### [TASK INSTRUCTIONS]
Needed from the data below: every line from the one with "Tables with display" up to and including the one with "used 2014 Jeep", repeated exactly and with nothing else.

______

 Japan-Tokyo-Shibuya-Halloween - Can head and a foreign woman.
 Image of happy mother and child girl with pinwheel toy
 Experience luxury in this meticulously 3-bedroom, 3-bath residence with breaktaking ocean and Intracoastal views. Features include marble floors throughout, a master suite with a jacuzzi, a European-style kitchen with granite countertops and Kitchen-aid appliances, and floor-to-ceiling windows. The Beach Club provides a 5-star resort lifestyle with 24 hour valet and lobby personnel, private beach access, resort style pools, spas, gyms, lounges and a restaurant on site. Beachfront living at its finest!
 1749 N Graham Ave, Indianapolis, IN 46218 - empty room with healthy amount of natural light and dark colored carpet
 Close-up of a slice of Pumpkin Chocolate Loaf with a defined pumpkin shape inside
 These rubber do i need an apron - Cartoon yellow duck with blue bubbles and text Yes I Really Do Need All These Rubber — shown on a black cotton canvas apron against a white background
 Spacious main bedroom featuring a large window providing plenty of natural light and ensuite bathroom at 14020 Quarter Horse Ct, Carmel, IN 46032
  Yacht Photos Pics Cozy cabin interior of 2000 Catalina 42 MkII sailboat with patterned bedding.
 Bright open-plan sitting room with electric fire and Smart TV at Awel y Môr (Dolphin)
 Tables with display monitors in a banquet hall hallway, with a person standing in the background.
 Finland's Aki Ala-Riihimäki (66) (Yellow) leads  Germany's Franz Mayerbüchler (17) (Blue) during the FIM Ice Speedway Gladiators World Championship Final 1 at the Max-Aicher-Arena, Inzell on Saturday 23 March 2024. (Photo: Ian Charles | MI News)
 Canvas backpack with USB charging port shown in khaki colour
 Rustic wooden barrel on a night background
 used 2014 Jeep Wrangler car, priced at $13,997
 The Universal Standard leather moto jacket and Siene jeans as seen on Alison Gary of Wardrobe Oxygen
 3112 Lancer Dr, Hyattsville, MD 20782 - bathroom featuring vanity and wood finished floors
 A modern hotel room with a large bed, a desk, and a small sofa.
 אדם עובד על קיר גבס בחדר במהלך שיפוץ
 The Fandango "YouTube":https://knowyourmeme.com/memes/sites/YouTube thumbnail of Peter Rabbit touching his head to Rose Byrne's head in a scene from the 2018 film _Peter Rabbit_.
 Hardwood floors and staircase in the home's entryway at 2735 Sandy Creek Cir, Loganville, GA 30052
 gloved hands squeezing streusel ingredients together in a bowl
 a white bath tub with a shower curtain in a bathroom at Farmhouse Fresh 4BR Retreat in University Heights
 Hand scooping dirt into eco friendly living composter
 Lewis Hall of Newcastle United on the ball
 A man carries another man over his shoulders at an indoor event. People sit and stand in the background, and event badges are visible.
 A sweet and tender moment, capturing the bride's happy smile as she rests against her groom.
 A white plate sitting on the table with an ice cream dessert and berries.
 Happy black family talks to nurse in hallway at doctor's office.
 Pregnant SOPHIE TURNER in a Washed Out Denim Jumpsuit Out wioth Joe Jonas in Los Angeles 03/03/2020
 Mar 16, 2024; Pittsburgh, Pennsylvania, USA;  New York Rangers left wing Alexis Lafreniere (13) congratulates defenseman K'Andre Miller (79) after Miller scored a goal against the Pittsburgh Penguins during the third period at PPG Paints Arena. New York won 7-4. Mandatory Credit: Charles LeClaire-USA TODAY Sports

______

### [TASK ANSWER]
 Tables with display monitors in a banquet hall hallway, with a person standing in the background.
 Finland's Aki Ala-Riihimäki (66) (Yellow) leads  Germany's Franz Mayerbüchler (17) (Blue) during the FIM Ice Speedway Gladiators World Championship Final 1 at the Max-Aicher-Arena, Inzell on Saturday 23 March 2024. (Photo: Ian Charles | MI News)
 Canvas backpack with USB charging port shown in khaki colour
 Rustic wooden barrel on a night background
 used 2014 Jeep Wrangler car, priced at $13,997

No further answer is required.